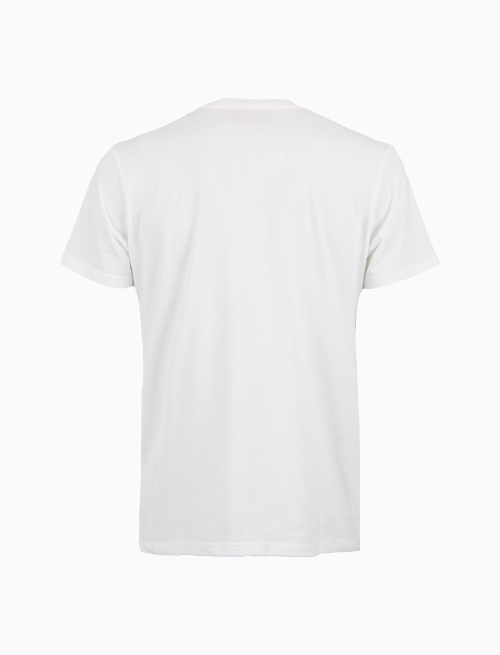T-shirt uomo cotone tinta unita e taschino multicolor bianco - T-Shirts | Gallo 1927 - Official Online Shop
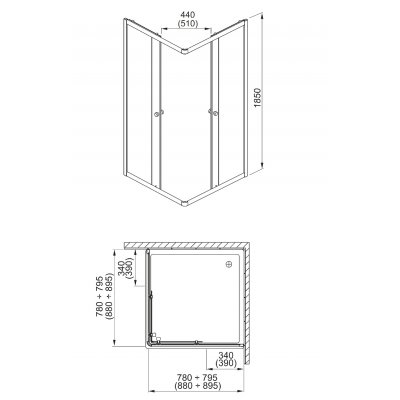 Kabina prysznicowa kwadratowa 90 cm Aquaform Salvador 101-05545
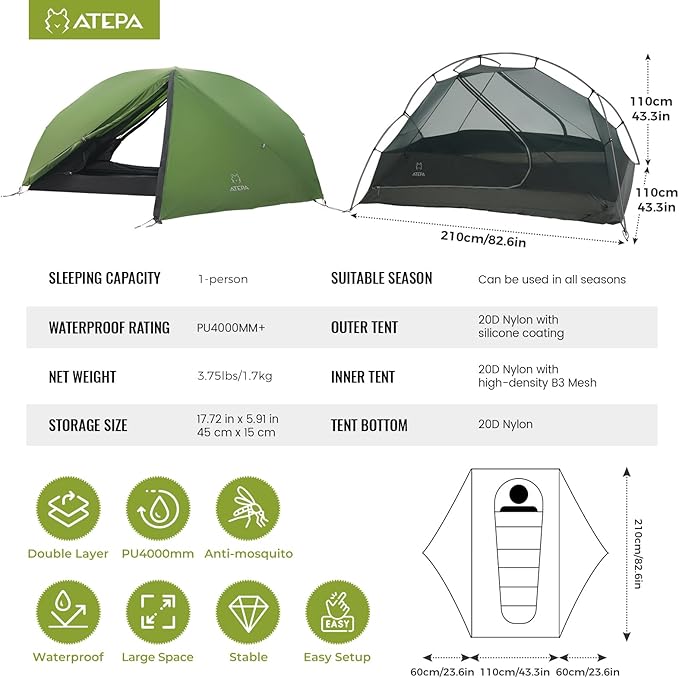 ATEPA Voyage 1-2 Person Backpacking Tent, 4 Season Ultralight Camping Tent, 4000mm Waterproof Double Layer Cold Wearther Easy Set Up Tent for Family Camp Hiking Hunting Outdoor Mountaineering Travel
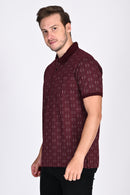 Classic Maroon Textured Polo Tshirt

## Work request
Repeat the line that contains "ATEPA Voyage 1-2" and each line after it, through the last line of the listing, exactly and alone; pictures stay out of the repeat.

## Result for this task
 ATEPA Voyage 1-2 Person Backpacking Tent, 4 Season Ultralight Camping Tent, 4000mm Waterproof Double Layer Cold Wearther Easy Set Up Tent for Family Camp Hiking Hunting Outdoor Mountaineering Travel
 Classic Maroon Textured Polo Tshirt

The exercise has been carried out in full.